Kommentar Psychostress im Job: Alptraum der Arbeitgeber
Die Sozialpolitiker der Parteien müssen sich endlich mit psychischem Stress am Arbeitsplatz beschäftigen. Denn in den Betrieben ist der Druck groß.
E s ist gut, dass fünf SPD-regierte Bundesländer am Freitag im Bundesrat den Entwurf einer Verordnung vorlegten, in dem das Thema psychische Belastungen am Arbeitsplatz präzisiert werden soll. Das 23-seitige Papier geht jetzt in den Bundestag. Es wird spannend zu beobachten sein, wie sich in einer Bundestagsdebatte die Sozialpolitiker der Regierungsparteien zu dem Entwurf verhalten.
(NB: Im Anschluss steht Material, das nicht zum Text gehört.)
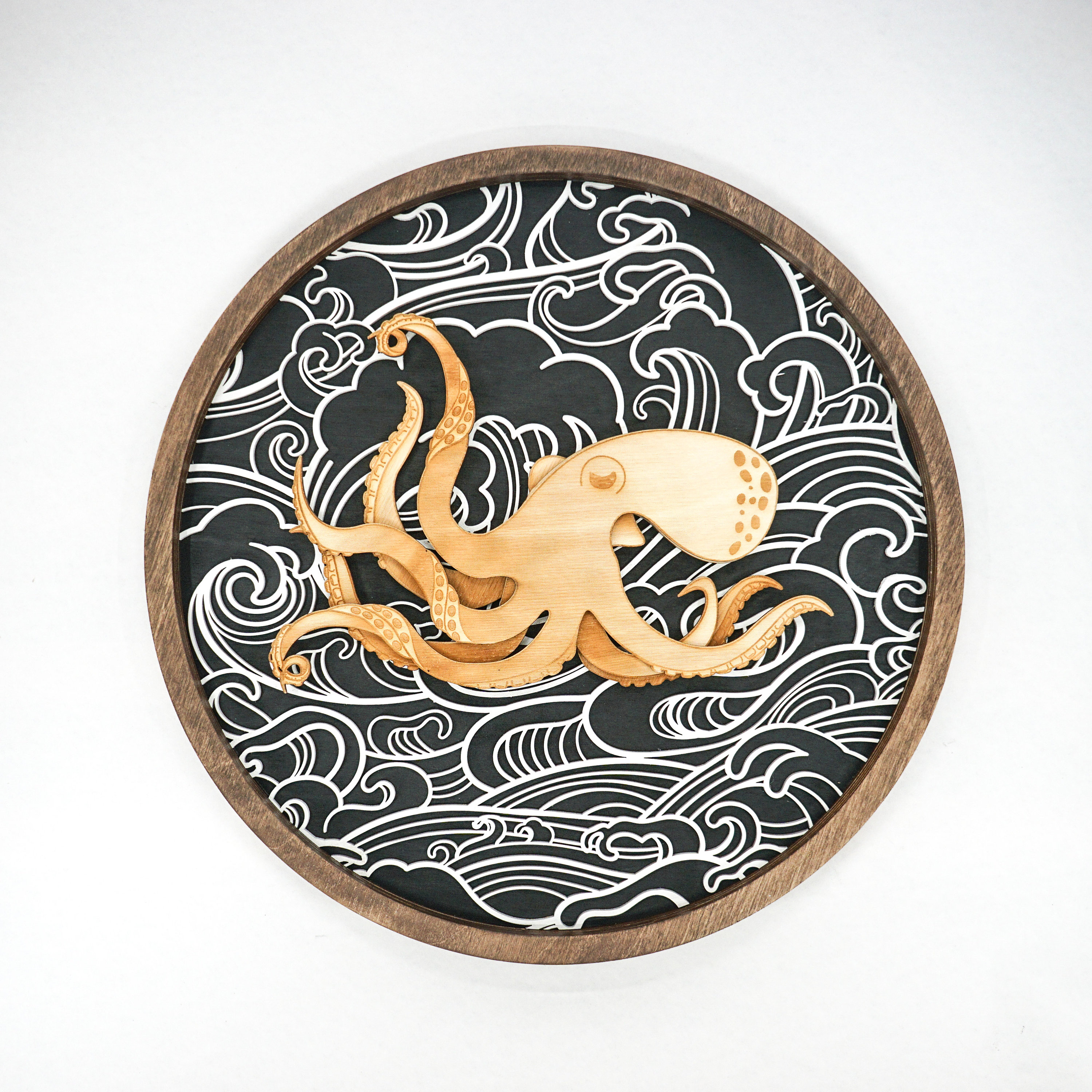 Kraken Octopus Japanese Ocean Wall Art Customize Colors Etsy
In der Diskussion im Bundesrat jedenfalls ging interessanterweise keiner der christdemokratischen Redner auf das Papier ein. Die Union behandelt das Thema lieber wie ein rohes Ei, denn sie gerät damit in einen Konflikt zwischen den Interessen der Arbeitgeber und einer öffentlichen Meinung, die durchaus der Ansicht ist, dass die Frage der Stressbelastung im Job auf die politische Agenda gehört.
Und es steht nicht nur auf dem SPD-Papier, was Beschäftigte unter Druck setzt: Chronisches Multitasking ist Mist, ständiger Zeitdruck und monotone Tätigkeiten ebenso. Unklare Verantwortlichkeiten und zwingende Rufbereitschaft nach Feierabend auch.
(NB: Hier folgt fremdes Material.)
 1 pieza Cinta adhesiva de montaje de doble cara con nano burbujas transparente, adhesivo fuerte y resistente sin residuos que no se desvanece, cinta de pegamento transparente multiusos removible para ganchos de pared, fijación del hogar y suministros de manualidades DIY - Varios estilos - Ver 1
Mit einer präzisen Verordnung zum Arbeitsschutzgesetz hätten Betriebsräte ein Instrument, die Mitarbeiter regelmäßig zu befragen, wie hoch sie diese Stressfaktoren vor Ort einschätzen. Das erzeugt Handlungsdruck im Betrieb. Denn was passiert, wenn die Belegschaft fast durchweg über die Arbeitsbedingungen klagt? Abhilfe hat oft mit Kosten zu tun: In den von der IG-Metall unlängst vorgestellten "best practice"-Beispielen aus Betrieben wurde teilweise das Personal aufgestockt, weil die Belegschaft bestimmte Aufgaben nicht mehr bewältigen konnte.
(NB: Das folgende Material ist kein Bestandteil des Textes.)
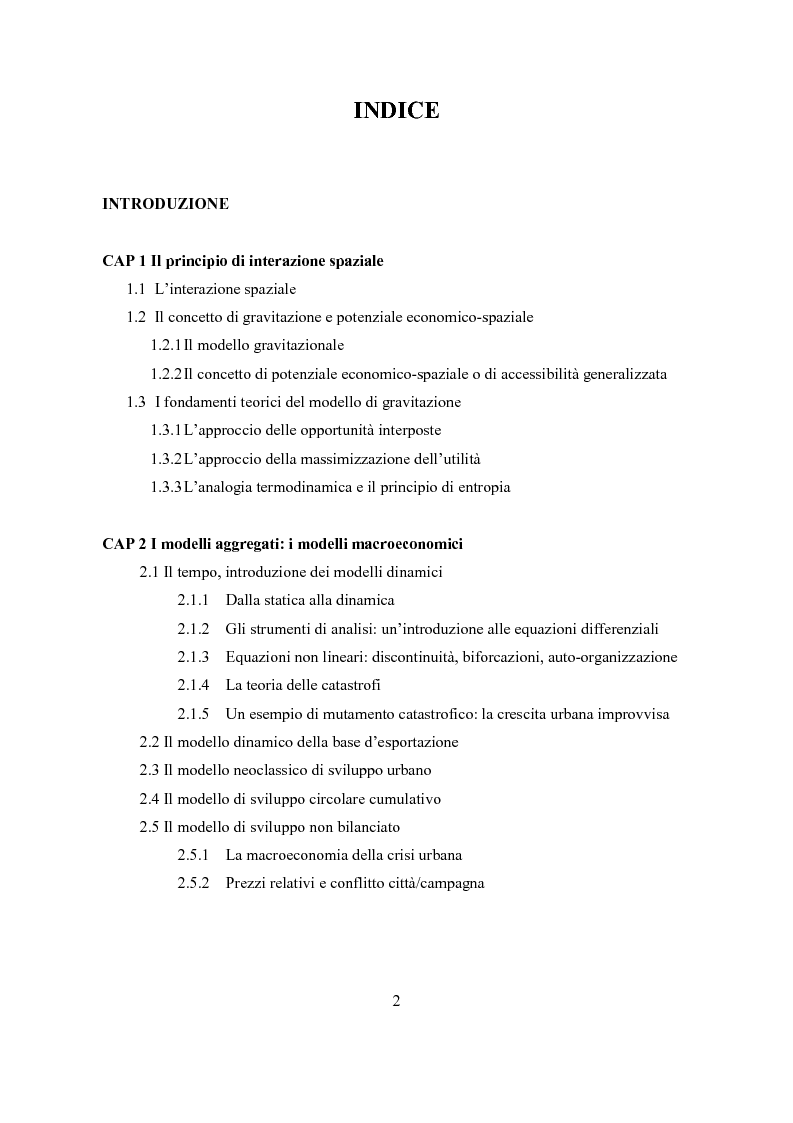 Indice della tesi: Sistemi economici territoriali: modelli teorici ed una applicazione empirica, Pagina 1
Die Arbeitgeber haben jetzt die Befürchtung, dass ihnen bei der Gefährdungsbeurteilung die Maßstäbe aus der Hand genommen werden könnten. Psychische Belastungen sind schwerer zu normieren als die körperliche Beanspruchung beim Zementmischen. Das ist der Alptraum der Arbeitgeber: Betriebsräte, die aufgrund von Befragungen quasi als Co-Manager über die Personalausstattung mitbefinden oder die Abberufung von Abteilungsleitern wegen schlechter Führungsqualitäten fordern könnten.
Diese Konflikte muss man jedoch in Kauf nehmen, will man die Beurteilungen von psychischen Belastungen ernst nehmen. Und nicht nur als Modethema folgenlos verhandeln.